Mentorship and training in the age of AI
The shift in recruiting has been paired with a rebuilt mentorship program. Where associates once spent years in back offices before sitting across from a client, Boughton Law now puts them in those rooms from day one. “We redid our mentorship program last year to really make it robust,” Citton says, “such that from day one in the office, as a student, you’re assigned your mentor … and right away you’re exposed to client meetings, business development opportunities, any interactions with other lawyers.”

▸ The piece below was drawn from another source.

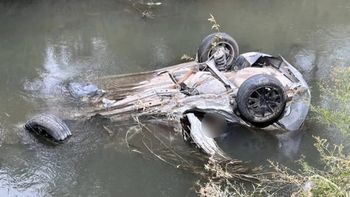 hallaron un auto sumergido en un desagüe y una persona muerta en el interior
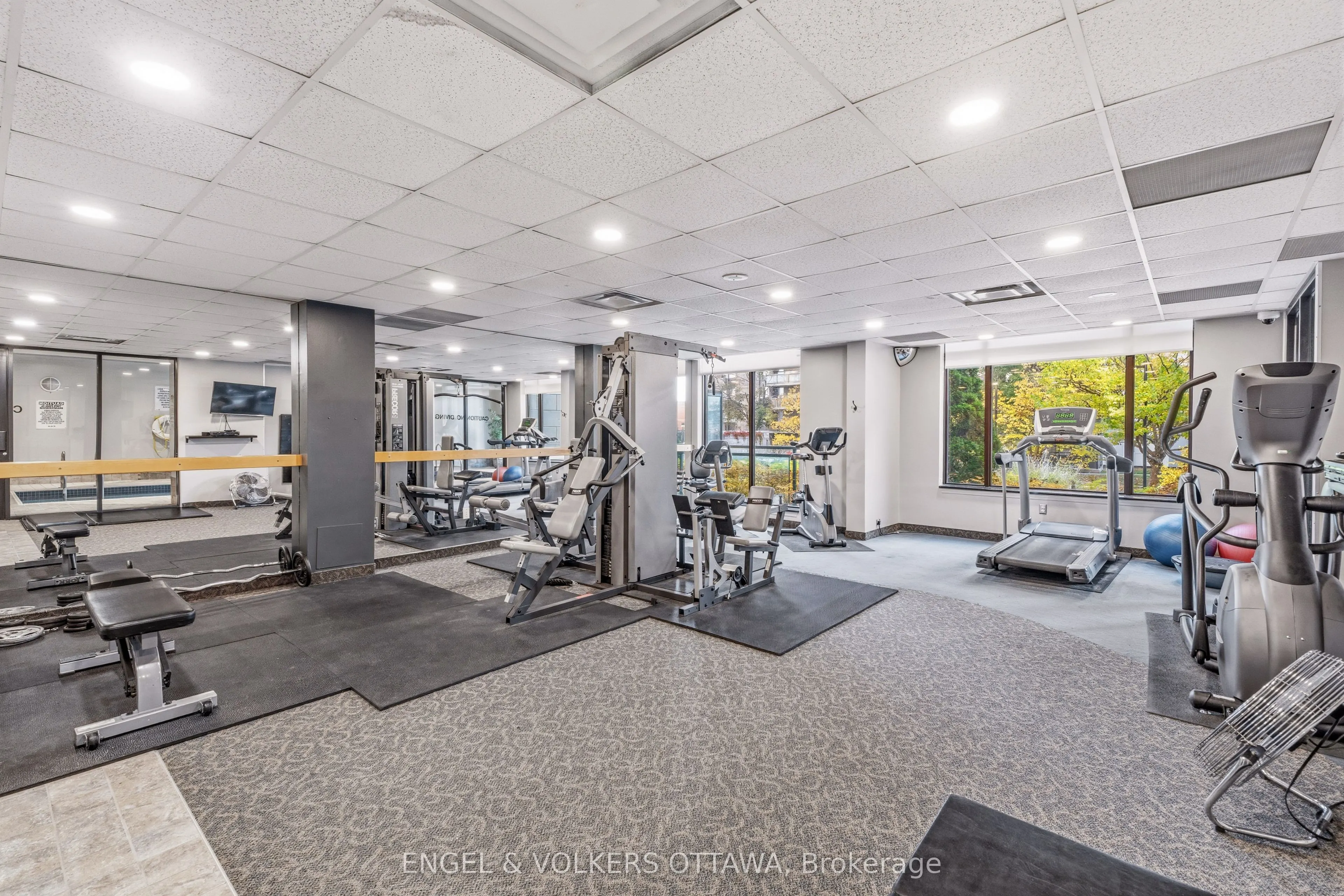 570 LAURIER Avenue #406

Associates rotate through multiple mentors rather than shadowing a single senior lawyer – on the theory, drawn from Citton’s own career, that professional style is an aggregation of many influences. There are trade-offs: duplication of effort affects billings. But Citton says the investment is essential. As Paul Saunders has argued in his call for a training overhaul to protect junior lawyers from AI, firms cannot assume old developmental pathways will survive the shift.
As for law schools, Citton is direct about the gap they still leave. "What they didn't often teach was the business of law," he says – the practical mechanics of how firms generate revenue, manage profit margins, and bring in clients. That gap has always existed; AI has made it urgent to close.
A global shift – but an uneven one
Marti Phillips, who leads the legal technology program at Meritas, sees Boughton Law as ahead of the curve. Most firms are still focused on AI tools and compliance policies, not the harder question of how to develop distinctly human skills in their lawyers. Phillips thinks that question will define 2026. “The only thing left to charge for,” she says, “is the human work – the judgment, the relationship, that holding someone’s hand when something terrible happens in your life and your attorney is the only one there.” Citton’s approach is one that Meritas has highlighted as key to AI adoption across the network.
She says the global picture is uneven: UK firms are focused heavily on human skills training; US firms on structured boot camps and succession planning; Singapore and Southeast Asia have seen government-coordinated junior lawyer programs; and Australia has taken a governance-first approach. Meritas is expanding its innovation roundtables from four annually to six or seven in 2026, driven by demand from member firms across all those jurisdictions.
At a Paris gathering two weeks before the interview, Citton heard a speaker suggest that firms should be recruiting engineers. “The room erupted,” he says. “The commentary back was, listen, we need those social skills and that EQ.” The disagreement itself was telling: regardless of geography, the underlying urgency is the same. As AI is reshaping workflows at Canadian firms, managing partners can no longer delay change.
For those still finding their footing, both offer concise advice. Citton’s is to invest now in judgment, trust, and human connection, because those skills take years to cultivate. “I’m not worried about my lawyers understanding and learning how to use the tech,” he says. “I’m worried about them figuring out what to do after they’ve learned how to use the tech.” Phillips’ advice is to change the frame. “The first thing you need to do is breathe,” she says, “because we are running from a place of fear.” Citing legal industry commentator Zach Abramowitz of Legally Disrupted, she notes that clients may pay a premium for human expertise long before the billable hour disappears. “Maybe this is a positive,” Phillips says. “I think we need to get away from the fear and work more from that positive.”